Edward Gordon Craig Collection
Reference code: CRA
Date(s) of creation: Late 19th and 20th centuries
Name of creator: Dorothy Nevile Lees
Extent: 12 metres
Acquisition number: 15
Source of acquisition
The collection was given in stages to the Library of the British Institute of Florence between the years 1948 and 1965 by Dorothy Nevile Lees. Possessing herself a fine collection of 'Craigiana' she set about building up a like collection to be made available to students all possible material relating to Gordon Craig. Other donors have added items to the collection and the Library itself has made additions. Should the Library close down, the collection is to pass to the Victoria & Albert Museum in London.
Edward Gordon Craig (1872-1966), the English stage designer, producer, and actor was born the son of the actress Dame Ellen Terry (1848-1928). Gordon Craig began acting with Sir Henry Irving's (1838-1905) Lyceum company (1885-97). Feeling that the pseudo-realism in vogue was too limiting, he turned to stage design and developed new theories. He strove for the poetic and suggestive in his designs in order to capture the essential spirit of the play. His ideas gave new freedom to stage design, although many were impractical in execution. Among his notable productions were The Vikings and Much Ado about Nothing (both in 1903 for Ellen Terry) and Hamlet (with the Moscow Art Theatre in 1912). Craig spent the years 1907-1914 in Florence, Italy where, in 1913, he founded the 'Gordon Craig School for the Art of the Theatre' at the Arena Goldoni. Also in Florence, Craig edited his magazine, The Mask (1908-29). For many of his publications including the periodicals The Page, 'The Mask' and 'The Marionette', he was the publisher, editor, author and illustrator. It was The Mask which did most to advance Craig's cause and his reputation. He used it as a weapon of propaganda and through its pages attacked many aspects of the commercial theatre of which he disapproved. It became the most stimulating and well-informed theatrical periodical of its time. Among his books are On the Art of the Theatre (1911, rev. ed. 1957), The Theatre Advancing (1921), Scene (1923), and biographies of Henry Irving (1930) and Ellen Terry (1931).
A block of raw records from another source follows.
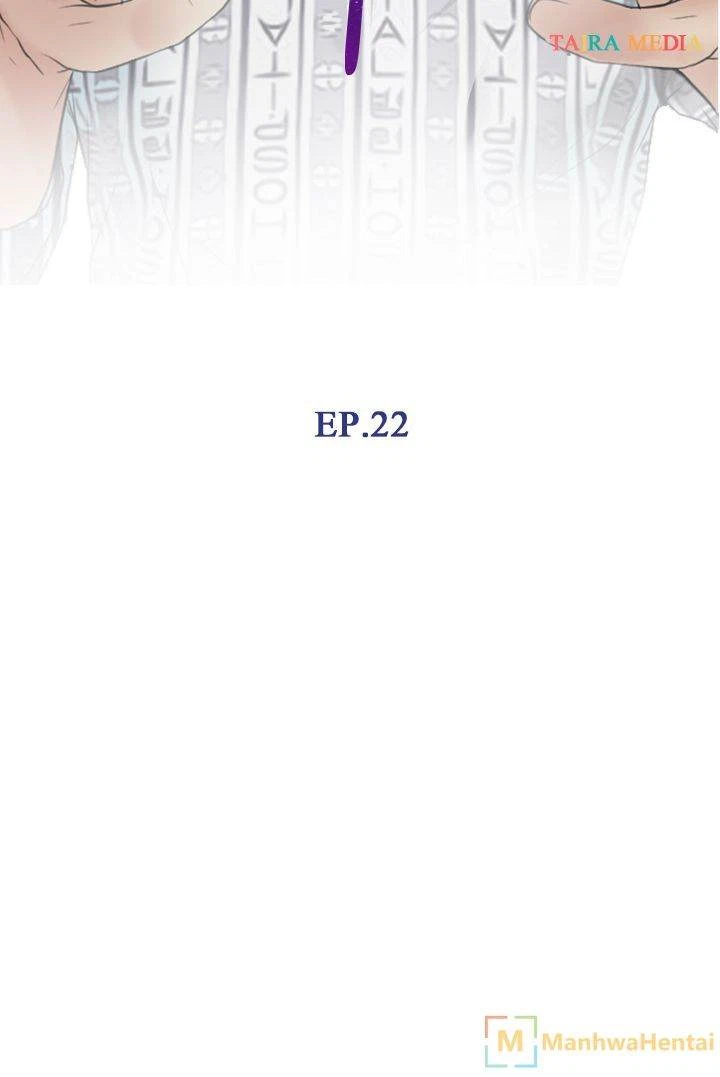 Chapter 22, page 6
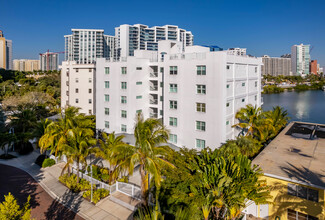 Harbor View in Sarasota, FL - Building Photo - Building Photo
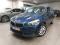 preview BMW 216 Gran Tourer #0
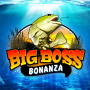 icon Big Boss Bonanza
Dorothy Nevile Lees (1880-1966), author and journalist, lived in Florence from 1903 until her death. She wrote numerous articles from Florence for British and American reviews and newspapers and published Scenes and Shrines in Tuscany and 'Tuscan Feasts and Tuscan Friends in 1907. In the same year she met Edward Gordon Craig and she collaborated with him on publication of The Mask. She stayed in Italy during the two world wars and in recognition of her services to the Allies during the Second World War she was awarded a diploma by the Allied Military Command.
Scope and content (inc. arrangement)
This is not a manuscript collection. It consists largely of books, pamphlets, newspaper articles, theatre programmes, magazines and photographs. Many of the items are rare, for example the exhibition catalogue of Craig's show in Poland in 1913, or the volume Gordon Craig's Book of Penny Toys (1899). The set of the fifteen volumes of The Mask is almost complete, and the complete set of The Marionette is extremely rare.
Open to consultation. Some items are fragile and require special care.
The Library will assist where possible with identifying copyright owners, but responsibility for ensuring copyright clearance rests with the user of the material.
This depends upon the state of repair of individual items.
Most of the items in this collection can be found in the online catalogue, either by the classmark (prefixed by 'GC'). Hand-lists provided by Dorothy Nevile Lees on each occasion she donated material also exist.
Related material in the same repository
Researchers are referred to two sections in the Library, Theatre (792) and Printmaking (769).